At 50, Masp Gets A Check-Up

The Getty Foundation funded a revision of Lina Bo Bardi's celebrated building of Brazil's most famous museum

Aerial view of Masp (Museu de Arte de São Paulo)

Francesca Angiolillo
São Paulo

For the last 50 years, it's been there, its four red feet firmly in the ground of Avenida Paulista.

Its high span gathered crowds for concerts, and more recently, for political protests.

The most important collection of European Art in the Southern Hemisphere floats above the ground, sheltered in this huge suspended box of glass and concrete.

Glass and concrete - materials so incorporated in São Paulo's everyday life that it's easy to forget that they age.

But modern architecture also ages, says Silvio Oksman. He coordinated the team who reviewed Masp's building, conceived by the Italian architect Lina Bo Bardi, and that reaches its 50th anniversary this week.

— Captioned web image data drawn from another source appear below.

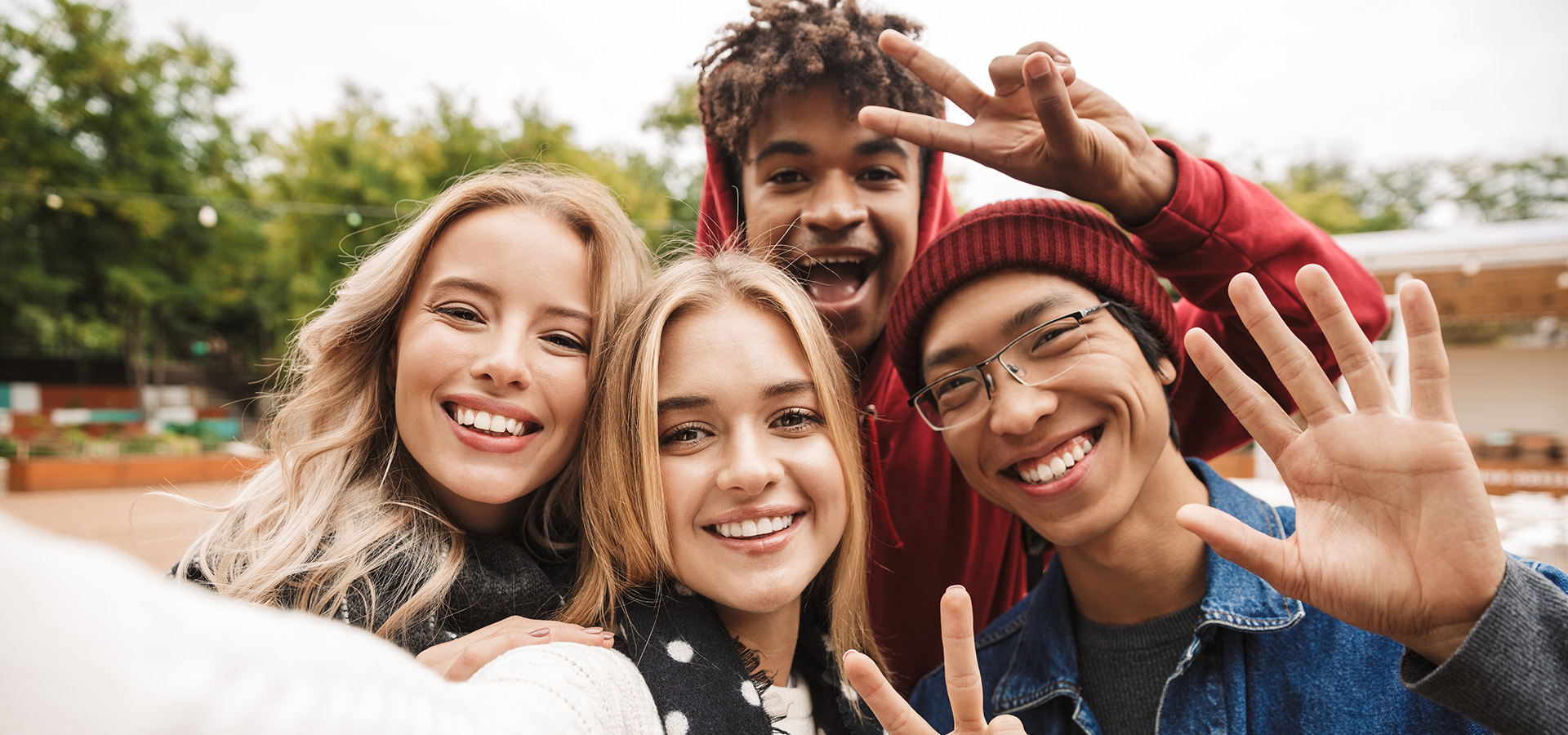 Group if cheerful teenagers spending fun time together outdoors, taking a selfie.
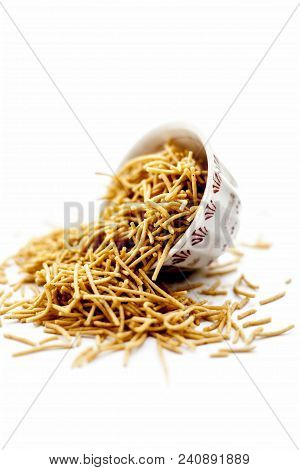 Popular Indian & Gujarati Dish Aloo Sev Or Potato Sev Or Mint Flavored Sev In A Bowl Isolated On Whi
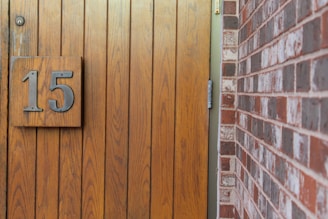 A wooden door with vertical panels is shown, featuring a large metal number 15 attached. Adjacent to the door is a red and brown brick wall.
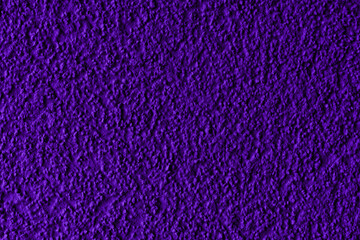 Purple plaster facade texture background. External facade of the building, plaster with clear texture.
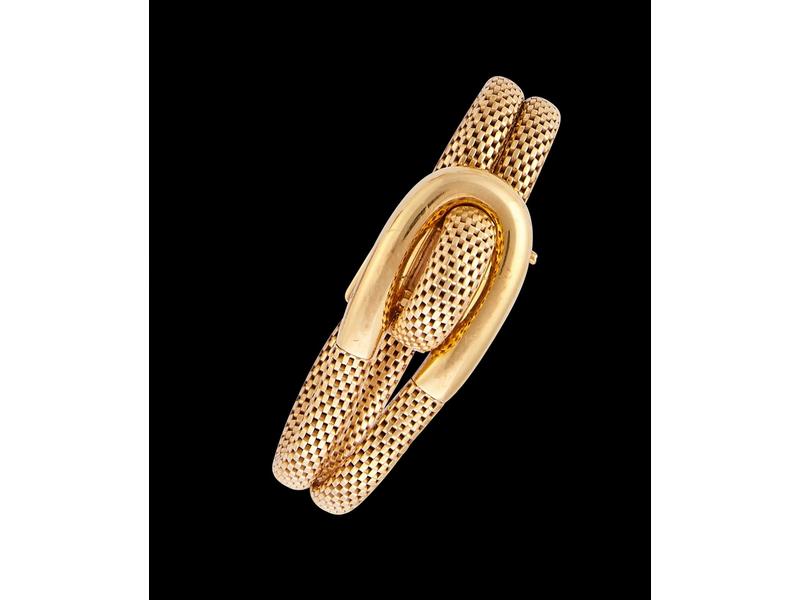 BRACELET-MONTRE DE DAME en or jaune (18K)...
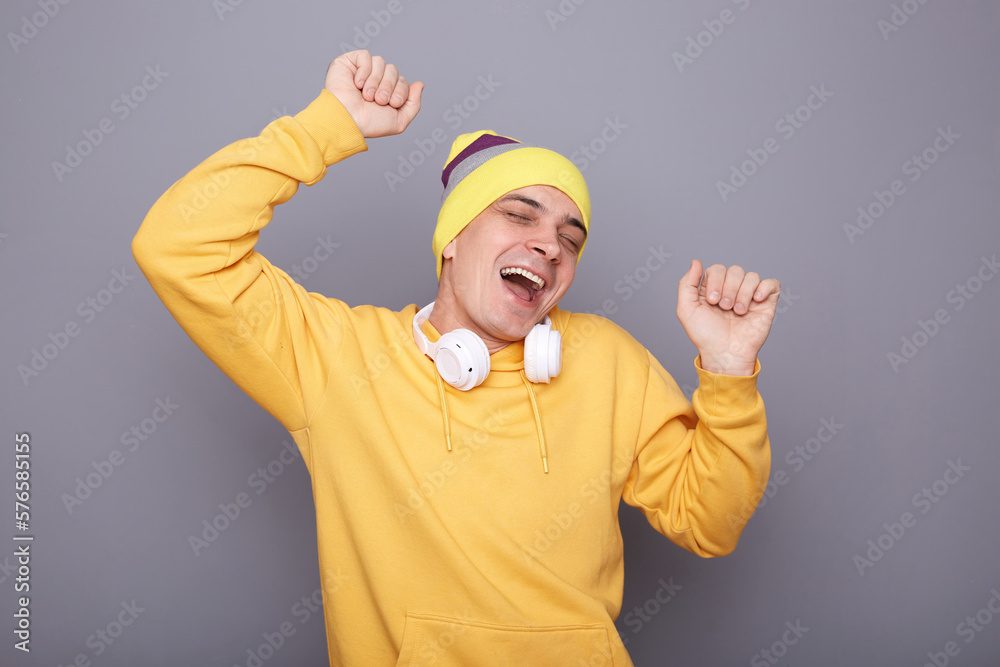 Photo of extremely happy overjoyed hipster man wearing yellow hoodie, beanie hat headphones standing isolated over gray background, rejoicing, celebrating, dancing with raised arms. Photo of extremely happy overjoyed hipster man wearing yellow hoodie, beanie hat headphones standing isolated over gray background, rejoicing, celebrating, dancing with raised arms.
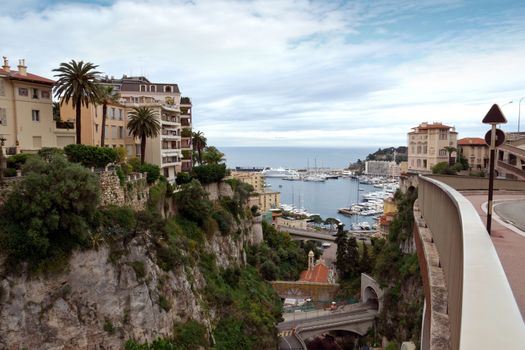 MONTE CARLO, MONACO - APRIL 28: View of the harbor from the train station Monaco-Ville on April 28, 2013 in Monte Carlo, Monaco. 

Monte Carlo, Monaco - April 28, 2013: View of the harbor from the train station Monaco-Ville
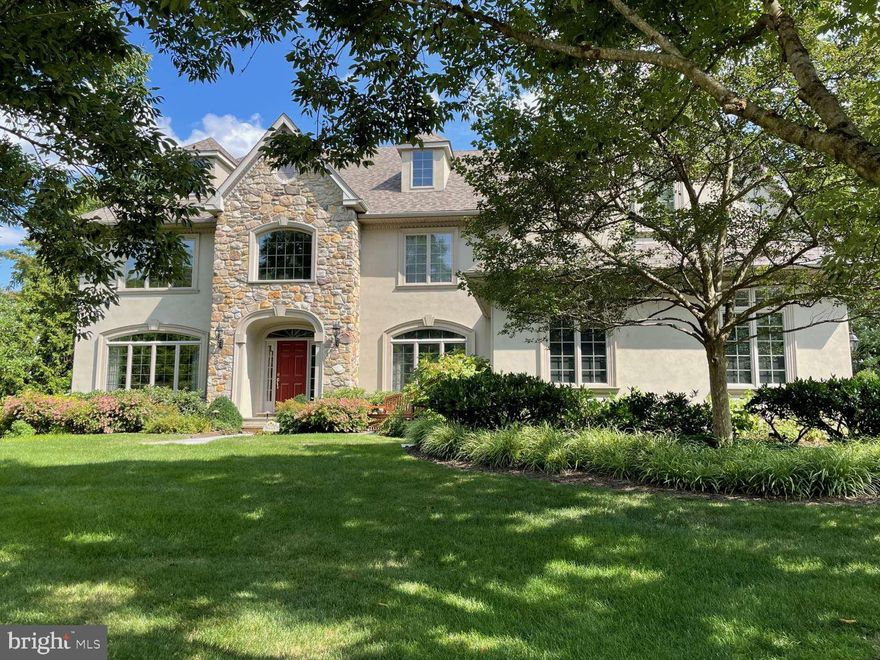 Welcome to this elegant, stunning, custom built home located in the prestigious and desirable neighborhood of Spring House Farm in Lower Gwynedd township. This home offers over 5100 square feet on a quiet cul-de-sac street with 5 bedrooms, 3 full baths and 2 powder rooms. Entering the home you are greeted by the grand two-story front to back foyer detailed with beautiful hardwood flooring, crown molding and classic wainscoting. Directly off the foyer, to the left, is the luxurious living room adorned with custom built-in cabinetry, piano nook with bay window, and hardwood flooring. To your right, off the foyer, is the grand formal dining room featuring dramatic lighting, wainscoting, crown molding and hardwood flooring. The vast foyer also leads to the French doors of the private study with gas fireplace, hardwood floors crown molding and beautiful natural light. Adjacent to the study is an elegant powder room. The customized gourmet kitchen features beautiful granite countertops, stainless steel appliances, sub-zero refrigerator, large center granite-topped island with barstool seating, custom tile backsplash, Medallion wood cabinetry and wet bar. Adjoining the kitchen is the sunlit morning room that offers delightful views of the backyard gardens. This room includes custom wainscoting and direct access to the substantial back patio. Open to the morning room and kitchen is the splendid great room adorned with a wall of windows, spacious vaulted ceiling, remote controlled gas stone fireplace and built-in wood cabinetry. The open back hall leads to a second powder room, built-in storage, three-car garage with two 50amp EV charge ports and back stairway with second-floor access. The second floor offers a magnificent primary suite detailed with a sunlit sitting area, tray ceiling and dual walk-in closets. The spacious ensuite bath features thermostat controlled electric radiant tile floor heat, two stand-alone vanities, a jacuzzi tub, tiled shower and sky lights. The second floor continues with four additional carpeted bedrooms. All four bedrooms include ample closet space and share two jack-and-jill bathrooms with two stand alone vanities each and thermostat controlled electric radiant tile floor heat. In addition, this floor includes a study area with built in desk and bookcases and a laundry room with cabinet storage and sink. Continue up the open staircase to the large attic which provides approximately 900 square feet of window lit unfinished space. The basement of this home offer 2,450 square feet of unfinished space with 9 foot ceilings and Bilco outdoor access doors. Step out of the home through the foyer glass door to the expansive patio complete with built-in outdoor kitchen and ample seating and dining furniture. The patio is the perfect entertaining or relaxing area with private yard, professional landscaping and ambiance lighting. Additional home amenities and upgrades include a holiday lighting package, sprinkler system and multi-room first floor audio speakers. This beautiful non-smoking, non-pet home is located in the Wissahickon school district and offers easy access to major highways, transportation, restaurants, shopping, trails and golf courses.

The yearlong check-up was funded by the program Keeping it Modern, from the Getty Foundation, an initiative that aims to preserve modern buildings. The program already supported reviews of other landmarks, like the Glass House, projected by Lina and her husband Pietro Maria Bardi, also in São Paulo.

The US$ 150,000 grant (around R$ 550,000) were used all to check Masp's structure, not only for safety reasons but because that's what makes the building so special.

The review allowed for the creation of a computer model that directed the structure's conservation guidelines. Oksman says that the building could last forever, if well preserved.